Versa-Flow Lightweight Filtration System
If you are looking for a truly versatile water filtration system, this one is for you. It can be used in four different ways to make sure you’ve always got clean water.
- Screw it onto your water bottle, use it inline to your hydration pack, use it as a gravity system or drink directly from the lake or river.
- Weighs just two ounces.
- Best water filter backpacking as you don’t have to carry much extra weight.
- Almost indefinite lifespan if you backwash it.
- Beats the EPA recommended amount of filtration.
- Does not filter out chemicals from the water.
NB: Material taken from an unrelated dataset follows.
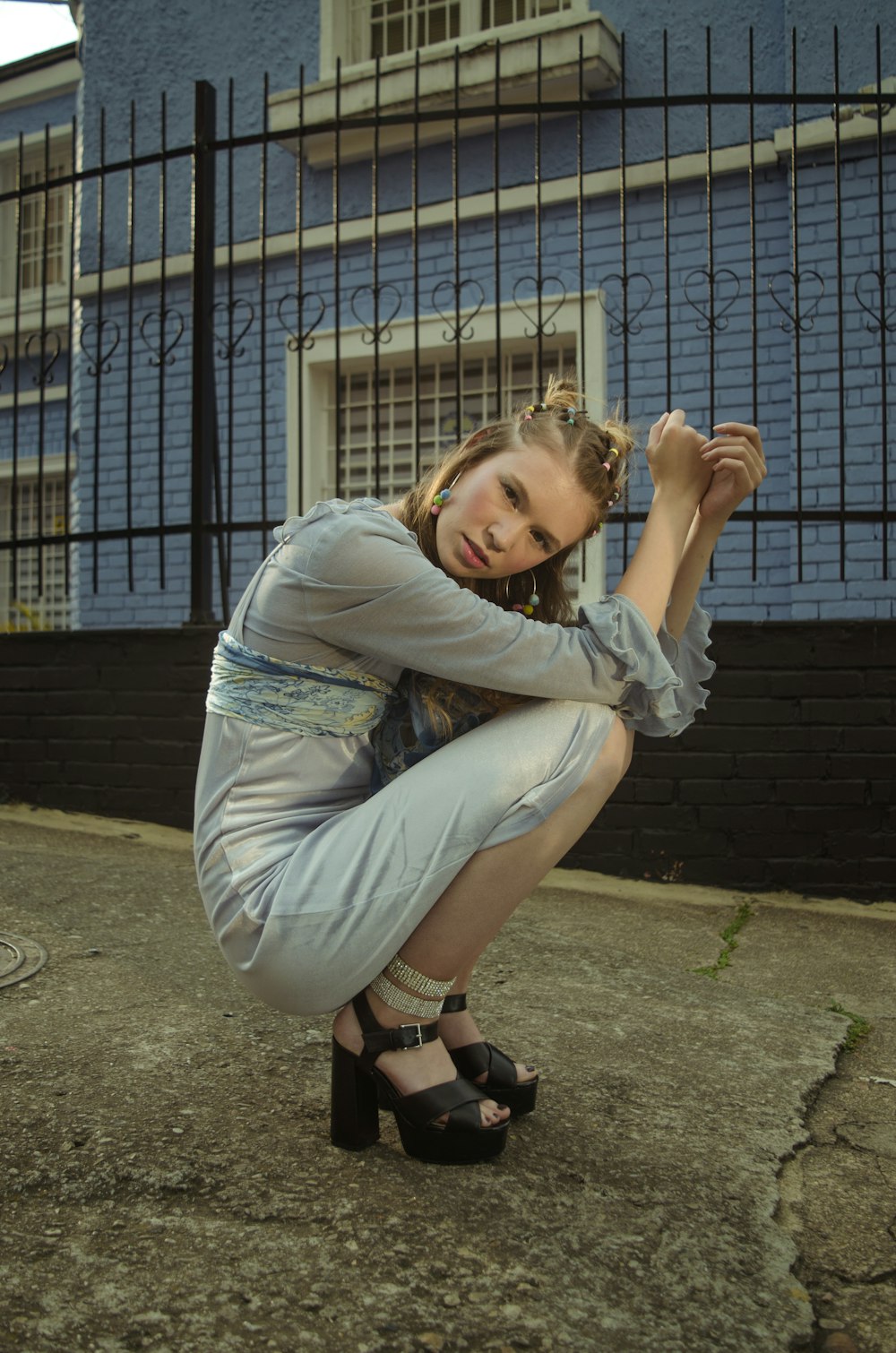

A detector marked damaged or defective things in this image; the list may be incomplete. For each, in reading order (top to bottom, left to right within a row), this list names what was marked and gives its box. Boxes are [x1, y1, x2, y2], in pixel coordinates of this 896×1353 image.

cracked concrete pavement [0, 810, 892, 1348] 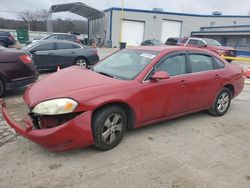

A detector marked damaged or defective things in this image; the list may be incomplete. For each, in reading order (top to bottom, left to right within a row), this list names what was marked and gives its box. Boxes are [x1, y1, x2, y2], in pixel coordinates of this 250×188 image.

damaged front bumper [0, 100, 94, 151]
detached bumper piece [0, 100, 94, 151]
Now that you have reviews of the top ten best hiking water filters, it is time for you to pick your own. To help you in this task, we have included this handy buying guide.
This guide contains all the information you need to properly choose a water filtration system as well as pointers on how to pick the perfect one.
Number of People
Do you often hike or backpack alone? If so, a personal water filter would likely be your best bet.
If you often travel outdoors with other people, however, you are going to need a filter that can handle a lot of water at a time.
A pump system or gravity system may be a better idea for you.
Water filtration systems range in price. The cheapest run about $20.
However, if you want the best water filter and are backpacking with a group, be prepared to spend anywhere from $300 to $600.
Ease of Use
When you are in the field, you don’t want to have to fiddle with your filtration to get fresh water. Systems that are overly complicated might as well be dead weight in your pack.
Instead, go for a system that is easy to use with minimal parts. That way, there is less chance of something breaking while you’re in the field.
Doing this also means that you will be less likely to get frustrated and just drink the unfiltered water.
The weight of the filtration system or purifier you choose is another important factor. Some systems are lighter than others.
For example, some water filters weigh eleven to sixteen ounces and can be bulky. This sort of filter requires a dedicated spot in your backpack.
When you are hiking or backpacking, any extra weight can become a large problem and limit what you can carry. Choosing a lightweight water filter whenever possible can save your back.
Water purification tablets also are very lightweight. They take up far less space than even the smallest water filtration systems.
UV purifiers can also be a good option. However, you should be aware that if you are going to use them, you will need batteries or a solar charger.
Also, if you plan on using UV purification, it would be wise to pack some iodine or chlorine dioxide tablets just in case the batteries die.
Where Will You Travel?
The places you plan on traveling affect what sort of filtration or purification you need. In the United States and Canada, viruses are not very common in the water supply.
However, if you travel overseas, you will likely need a filter that can kill viruses. A lot of countries don’t have proper sewage treatment so their water becomes contaminated.
Having a good water filtration or purification system can literally save your life, or at least keep you from being in agony. Pick a filter which fits your budget and will serve the number of people you will be traveling with.
Choosing a water filter backpacking that is lightweight will also save you a lot of pain. Pick one that is small enough to slide into a side pocket.
If you pay attention to the information given in this article, you will be able to pick the best backpacking water filter for your needs with ease.